On a dépensé près d’un trillion de dollars, et selon certaines
estimations deux ou trois fois plus, mais le pays que l’on a occupé
est plus pauvre qu’avant. On a voulu combattre le terrorisme, mais
celui-ci n’a jamais été aussi florissant. On a mis en avant la foi
chrétienne du président Bush, et désormais chaque croix d’église
est soupçonnée de collaboration. On a prétendu instaurer la
démocratie, mais on s’y est pris de telle manière que la notion
elle-même en a été pour longtemps déconsidérée.

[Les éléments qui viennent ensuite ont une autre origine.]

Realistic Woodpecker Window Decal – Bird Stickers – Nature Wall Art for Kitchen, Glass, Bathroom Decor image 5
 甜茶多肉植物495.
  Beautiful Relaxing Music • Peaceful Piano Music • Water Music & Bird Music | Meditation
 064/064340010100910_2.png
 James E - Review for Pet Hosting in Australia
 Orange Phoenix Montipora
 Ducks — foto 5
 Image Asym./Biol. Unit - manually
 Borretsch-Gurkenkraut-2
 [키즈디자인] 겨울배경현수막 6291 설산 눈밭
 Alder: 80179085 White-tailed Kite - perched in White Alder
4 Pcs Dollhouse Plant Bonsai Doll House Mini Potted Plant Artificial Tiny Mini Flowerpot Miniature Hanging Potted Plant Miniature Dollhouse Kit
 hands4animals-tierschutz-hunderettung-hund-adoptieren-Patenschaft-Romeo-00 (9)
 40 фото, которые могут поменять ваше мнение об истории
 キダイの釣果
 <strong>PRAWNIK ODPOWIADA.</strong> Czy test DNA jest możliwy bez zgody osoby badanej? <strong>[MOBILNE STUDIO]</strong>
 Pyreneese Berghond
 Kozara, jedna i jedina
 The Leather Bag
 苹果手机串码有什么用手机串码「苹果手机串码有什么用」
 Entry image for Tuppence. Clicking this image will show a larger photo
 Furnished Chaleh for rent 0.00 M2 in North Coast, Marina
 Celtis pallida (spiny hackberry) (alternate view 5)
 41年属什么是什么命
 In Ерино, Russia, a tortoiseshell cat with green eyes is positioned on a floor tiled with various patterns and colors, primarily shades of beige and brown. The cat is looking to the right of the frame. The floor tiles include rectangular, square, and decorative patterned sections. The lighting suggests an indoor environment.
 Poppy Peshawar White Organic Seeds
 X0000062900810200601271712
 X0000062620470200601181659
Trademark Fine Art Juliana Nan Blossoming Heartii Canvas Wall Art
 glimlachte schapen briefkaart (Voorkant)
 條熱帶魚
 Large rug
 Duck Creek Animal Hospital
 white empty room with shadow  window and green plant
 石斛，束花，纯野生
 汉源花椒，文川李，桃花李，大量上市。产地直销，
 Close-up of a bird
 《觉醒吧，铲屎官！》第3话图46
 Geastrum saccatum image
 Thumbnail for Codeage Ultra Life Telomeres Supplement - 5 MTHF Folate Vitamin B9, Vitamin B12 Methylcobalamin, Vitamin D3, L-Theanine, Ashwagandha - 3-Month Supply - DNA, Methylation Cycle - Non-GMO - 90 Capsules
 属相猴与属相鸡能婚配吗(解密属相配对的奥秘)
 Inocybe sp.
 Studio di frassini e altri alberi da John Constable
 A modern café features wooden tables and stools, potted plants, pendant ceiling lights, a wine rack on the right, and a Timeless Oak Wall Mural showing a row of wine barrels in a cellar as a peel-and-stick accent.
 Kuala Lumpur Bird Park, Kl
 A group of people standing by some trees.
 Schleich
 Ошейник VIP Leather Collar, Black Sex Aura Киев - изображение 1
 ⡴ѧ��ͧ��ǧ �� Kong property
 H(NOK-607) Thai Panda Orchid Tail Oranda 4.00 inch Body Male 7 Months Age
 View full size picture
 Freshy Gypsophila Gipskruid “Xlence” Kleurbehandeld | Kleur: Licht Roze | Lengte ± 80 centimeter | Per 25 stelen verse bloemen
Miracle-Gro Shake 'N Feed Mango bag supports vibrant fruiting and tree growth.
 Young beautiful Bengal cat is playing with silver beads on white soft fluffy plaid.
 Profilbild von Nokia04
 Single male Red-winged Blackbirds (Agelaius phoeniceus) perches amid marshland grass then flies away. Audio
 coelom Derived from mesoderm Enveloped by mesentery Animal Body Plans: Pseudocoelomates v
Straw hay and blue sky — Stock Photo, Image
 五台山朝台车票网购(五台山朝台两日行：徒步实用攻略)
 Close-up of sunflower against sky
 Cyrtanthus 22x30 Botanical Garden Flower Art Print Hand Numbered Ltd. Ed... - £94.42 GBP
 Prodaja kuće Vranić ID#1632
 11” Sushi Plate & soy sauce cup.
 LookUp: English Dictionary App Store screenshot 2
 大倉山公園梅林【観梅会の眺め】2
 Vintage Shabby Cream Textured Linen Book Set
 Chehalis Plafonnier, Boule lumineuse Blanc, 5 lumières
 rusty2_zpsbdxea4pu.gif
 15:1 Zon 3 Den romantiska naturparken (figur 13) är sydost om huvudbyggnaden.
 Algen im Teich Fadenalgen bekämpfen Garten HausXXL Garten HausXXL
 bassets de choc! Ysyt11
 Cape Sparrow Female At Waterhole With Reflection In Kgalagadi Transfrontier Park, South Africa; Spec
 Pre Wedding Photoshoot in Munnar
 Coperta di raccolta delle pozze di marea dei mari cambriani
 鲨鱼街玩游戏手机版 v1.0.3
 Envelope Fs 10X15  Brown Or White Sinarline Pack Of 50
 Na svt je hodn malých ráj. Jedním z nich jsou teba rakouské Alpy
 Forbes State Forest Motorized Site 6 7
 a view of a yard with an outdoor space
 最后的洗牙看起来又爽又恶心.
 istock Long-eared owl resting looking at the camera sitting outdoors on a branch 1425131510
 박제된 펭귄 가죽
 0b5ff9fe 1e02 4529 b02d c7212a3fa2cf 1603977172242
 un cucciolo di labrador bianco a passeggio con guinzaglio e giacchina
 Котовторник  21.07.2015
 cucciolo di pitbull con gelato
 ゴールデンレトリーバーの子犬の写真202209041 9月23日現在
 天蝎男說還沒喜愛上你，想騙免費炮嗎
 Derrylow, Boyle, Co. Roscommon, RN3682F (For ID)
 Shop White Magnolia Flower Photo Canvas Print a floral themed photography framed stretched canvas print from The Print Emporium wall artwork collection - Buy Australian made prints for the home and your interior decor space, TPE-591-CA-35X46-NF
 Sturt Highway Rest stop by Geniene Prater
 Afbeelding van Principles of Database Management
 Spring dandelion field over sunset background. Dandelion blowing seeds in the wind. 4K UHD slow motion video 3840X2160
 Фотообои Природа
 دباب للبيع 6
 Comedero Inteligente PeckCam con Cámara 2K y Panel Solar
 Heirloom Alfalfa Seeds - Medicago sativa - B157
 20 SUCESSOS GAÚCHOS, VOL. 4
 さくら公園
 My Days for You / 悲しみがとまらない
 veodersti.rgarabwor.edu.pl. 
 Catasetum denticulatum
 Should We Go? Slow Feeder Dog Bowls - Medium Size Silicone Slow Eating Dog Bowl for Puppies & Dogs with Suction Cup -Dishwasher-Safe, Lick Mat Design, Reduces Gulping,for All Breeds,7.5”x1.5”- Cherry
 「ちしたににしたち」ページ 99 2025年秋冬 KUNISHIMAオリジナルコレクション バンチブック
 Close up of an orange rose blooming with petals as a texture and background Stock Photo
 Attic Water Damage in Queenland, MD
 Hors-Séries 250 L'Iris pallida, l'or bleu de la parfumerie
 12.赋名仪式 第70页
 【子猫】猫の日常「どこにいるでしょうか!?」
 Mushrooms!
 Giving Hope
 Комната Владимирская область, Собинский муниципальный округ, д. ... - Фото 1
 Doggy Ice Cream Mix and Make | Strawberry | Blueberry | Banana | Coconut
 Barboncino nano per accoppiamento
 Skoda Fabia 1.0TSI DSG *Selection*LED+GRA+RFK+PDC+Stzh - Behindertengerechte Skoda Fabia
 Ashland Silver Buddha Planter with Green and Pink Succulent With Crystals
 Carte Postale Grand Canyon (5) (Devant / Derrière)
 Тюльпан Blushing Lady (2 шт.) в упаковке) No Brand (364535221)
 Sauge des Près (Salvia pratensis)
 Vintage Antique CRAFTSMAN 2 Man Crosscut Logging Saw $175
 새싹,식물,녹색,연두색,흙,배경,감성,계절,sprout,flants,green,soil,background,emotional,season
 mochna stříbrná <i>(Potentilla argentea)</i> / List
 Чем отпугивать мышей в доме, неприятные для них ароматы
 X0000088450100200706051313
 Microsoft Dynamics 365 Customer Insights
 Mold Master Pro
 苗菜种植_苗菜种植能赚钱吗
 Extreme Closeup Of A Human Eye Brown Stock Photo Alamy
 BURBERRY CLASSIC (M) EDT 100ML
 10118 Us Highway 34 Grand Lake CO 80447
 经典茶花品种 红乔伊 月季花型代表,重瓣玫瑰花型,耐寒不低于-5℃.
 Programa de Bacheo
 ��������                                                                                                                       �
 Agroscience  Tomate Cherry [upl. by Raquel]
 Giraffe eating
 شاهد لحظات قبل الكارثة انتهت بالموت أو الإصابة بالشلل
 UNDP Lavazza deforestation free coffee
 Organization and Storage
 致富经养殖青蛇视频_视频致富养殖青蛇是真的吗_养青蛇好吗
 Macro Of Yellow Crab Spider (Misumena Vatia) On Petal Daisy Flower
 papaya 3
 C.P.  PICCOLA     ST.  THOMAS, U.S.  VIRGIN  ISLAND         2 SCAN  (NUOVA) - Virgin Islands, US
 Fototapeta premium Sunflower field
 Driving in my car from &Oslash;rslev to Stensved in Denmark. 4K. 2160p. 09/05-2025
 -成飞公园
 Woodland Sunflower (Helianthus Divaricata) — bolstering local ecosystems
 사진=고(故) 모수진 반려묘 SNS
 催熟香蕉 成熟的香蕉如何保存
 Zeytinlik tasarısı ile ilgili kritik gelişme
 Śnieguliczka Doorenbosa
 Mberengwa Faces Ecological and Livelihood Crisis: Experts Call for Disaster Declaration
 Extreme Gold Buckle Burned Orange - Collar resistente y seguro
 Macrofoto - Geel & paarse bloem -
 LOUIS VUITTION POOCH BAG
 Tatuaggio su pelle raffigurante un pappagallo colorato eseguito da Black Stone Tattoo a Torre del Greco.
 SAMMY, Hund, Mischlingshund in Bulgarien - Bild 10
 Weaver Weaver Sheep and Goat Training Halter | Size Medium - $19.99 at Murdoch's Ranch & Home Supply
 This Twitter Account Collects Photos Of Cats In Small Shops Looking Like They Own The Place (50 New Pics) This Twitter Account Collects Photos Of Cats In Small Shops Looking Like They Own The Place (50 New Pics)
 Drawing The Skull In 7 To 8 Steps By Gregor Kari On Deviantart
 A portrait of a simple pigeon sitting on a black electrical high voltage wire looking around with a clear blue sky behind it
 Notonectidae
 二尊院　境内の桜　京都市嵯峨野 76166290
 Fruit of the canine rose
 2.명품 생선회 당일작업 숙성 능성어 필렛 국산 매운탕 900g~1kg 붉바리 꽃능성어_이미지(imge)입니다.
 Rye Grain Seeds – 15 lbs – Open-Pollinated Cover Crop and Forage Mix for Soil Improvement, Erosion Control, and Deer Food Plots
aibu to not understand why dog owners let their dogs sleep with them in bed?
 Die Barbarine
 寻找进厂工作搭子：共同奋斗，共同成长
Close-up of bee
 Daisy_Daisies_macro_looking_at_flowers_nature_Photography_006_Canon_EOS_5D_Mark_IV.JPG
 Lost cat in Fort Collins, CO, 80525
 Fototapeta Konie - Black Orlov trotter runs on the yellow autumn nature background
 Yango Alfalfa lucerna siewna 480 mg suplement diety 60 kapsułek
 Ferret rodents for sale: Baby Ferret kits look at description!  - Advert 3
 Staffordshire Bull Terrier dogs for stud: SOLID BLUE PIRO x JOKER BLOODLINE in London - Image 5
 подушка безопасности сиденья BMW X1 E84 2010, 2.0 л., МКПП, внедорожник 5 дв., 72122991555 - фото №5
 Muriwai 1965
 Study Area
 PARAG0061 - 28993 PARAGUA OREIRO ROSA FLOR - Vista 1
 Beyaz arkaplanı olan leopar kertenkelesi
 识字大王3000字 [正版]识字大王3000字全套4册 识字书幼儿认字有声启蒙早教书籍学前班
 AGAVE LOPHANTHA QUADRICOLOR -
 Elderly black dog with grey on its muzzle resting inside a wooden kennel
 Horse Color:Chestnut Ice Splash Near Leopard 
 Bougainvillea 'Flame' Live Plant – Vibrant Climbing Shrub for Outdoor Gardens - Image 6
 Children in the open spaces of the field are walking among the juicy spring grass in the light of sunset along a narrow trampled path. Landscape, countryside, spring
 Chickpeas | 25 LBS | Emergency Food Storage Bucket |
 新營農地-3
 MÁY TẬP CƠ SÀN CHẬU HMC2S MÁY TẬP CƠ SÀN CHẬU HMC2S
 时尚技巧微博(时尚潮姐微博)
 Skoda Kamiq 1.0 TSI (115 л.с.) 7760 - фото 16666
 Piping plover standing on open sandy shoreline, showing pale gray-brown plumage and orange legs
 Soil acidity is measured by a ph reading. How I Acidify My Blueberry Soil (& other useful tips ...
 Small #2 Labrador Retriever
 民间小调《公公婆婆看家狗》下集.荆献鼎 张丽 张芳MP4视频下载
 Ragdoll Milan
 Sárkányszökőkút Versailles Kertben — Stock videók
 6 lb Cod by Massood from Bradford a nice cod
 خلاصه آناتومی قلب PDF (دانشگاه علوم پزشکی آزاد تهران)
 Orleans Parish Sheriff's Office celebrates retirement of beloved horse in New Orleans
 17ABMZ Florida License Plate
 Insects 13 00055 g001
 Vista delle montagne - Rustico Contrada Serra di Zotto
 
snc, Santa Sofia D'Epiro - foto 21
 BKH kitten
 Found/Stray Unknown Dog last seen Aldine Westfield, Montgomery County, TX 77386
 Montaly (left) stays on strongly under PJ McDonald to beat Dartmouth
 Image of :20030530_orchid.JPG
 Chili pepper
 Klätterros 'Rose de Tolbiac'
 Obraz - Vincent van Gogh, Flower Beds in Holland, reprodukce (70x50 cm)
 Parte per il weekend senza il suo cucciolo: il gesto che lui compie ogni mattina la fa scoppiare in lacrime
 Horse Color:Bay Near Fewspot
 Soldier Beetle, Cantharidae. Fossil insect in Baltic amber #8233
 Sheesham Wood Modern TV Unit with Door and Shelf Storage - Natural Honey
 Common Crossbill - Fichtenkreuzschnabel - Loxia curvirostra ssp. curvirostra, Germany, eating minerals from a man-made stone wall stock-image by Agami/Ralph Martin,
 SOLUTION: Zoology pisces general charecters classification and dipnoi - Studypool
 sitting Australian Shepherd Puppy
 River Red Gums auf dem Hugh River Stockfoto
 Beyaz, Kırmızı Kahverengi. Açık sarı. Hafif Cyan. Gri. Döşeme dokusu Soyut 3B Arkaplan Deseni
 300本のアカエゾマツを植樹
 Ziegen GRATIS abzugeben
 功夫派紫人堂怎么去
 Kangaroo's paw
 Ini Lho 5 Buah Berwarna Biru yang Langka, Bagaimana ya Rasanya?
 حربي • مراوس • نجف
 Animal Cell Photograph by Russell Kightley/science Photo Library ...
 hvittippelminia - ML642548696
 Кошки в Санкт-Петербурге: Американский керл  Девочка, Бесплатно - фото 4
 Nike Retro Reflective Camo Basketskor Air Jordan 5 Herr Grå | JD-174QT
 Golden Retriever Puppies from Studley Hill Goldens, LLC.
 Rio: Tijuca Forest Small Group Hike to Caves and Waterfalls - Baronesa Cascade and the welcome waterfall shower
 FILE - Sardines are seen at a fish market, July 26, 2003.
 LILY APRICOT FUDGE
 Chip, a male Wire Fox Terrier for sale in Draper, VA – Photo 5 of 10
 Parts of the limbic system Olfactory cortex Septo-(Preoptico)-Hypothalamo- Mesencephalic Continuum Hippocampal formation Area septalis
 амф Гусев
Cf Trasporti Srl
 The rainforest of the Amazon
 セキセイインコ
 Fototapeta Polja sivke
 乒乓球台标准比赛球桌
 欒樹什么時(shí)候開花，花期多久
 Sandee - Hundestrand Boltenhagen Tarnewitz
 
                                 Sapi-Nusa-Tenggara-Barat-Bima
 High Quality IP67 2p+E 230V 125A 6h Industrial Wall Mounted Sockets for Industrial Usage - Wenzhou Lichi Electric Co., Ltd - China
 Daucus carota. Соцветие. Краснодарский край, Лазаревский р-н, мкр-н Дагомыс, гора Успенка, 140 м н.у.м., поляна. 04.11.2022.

L’Amérique se remettra de son traumatisme
irakien. L’Irak ne se remettra pas de son traumatisme
américain ; ses communautés les plus nombreuses auront encore
des centaines de milliers de morts ; ses communautés les plus
faibles n’y retrouveront plus jamais leur place ; non
seulement les Mandéens ou les Yazidis, mais également les
Assyro-Chal déens, dont le seul nom évoque des instants merveilleux
de notre grande aventure humaine. A présent, le sort de toutes ces
minorités est scellé ; au mieux, elles achèveront leur
parcours historique en une lointaine terre d’asile ; au pire,
elles seront anéanties sur place, broyées entre les deux mâchoires
dissemblables de la barbarie d’aujourd’hui.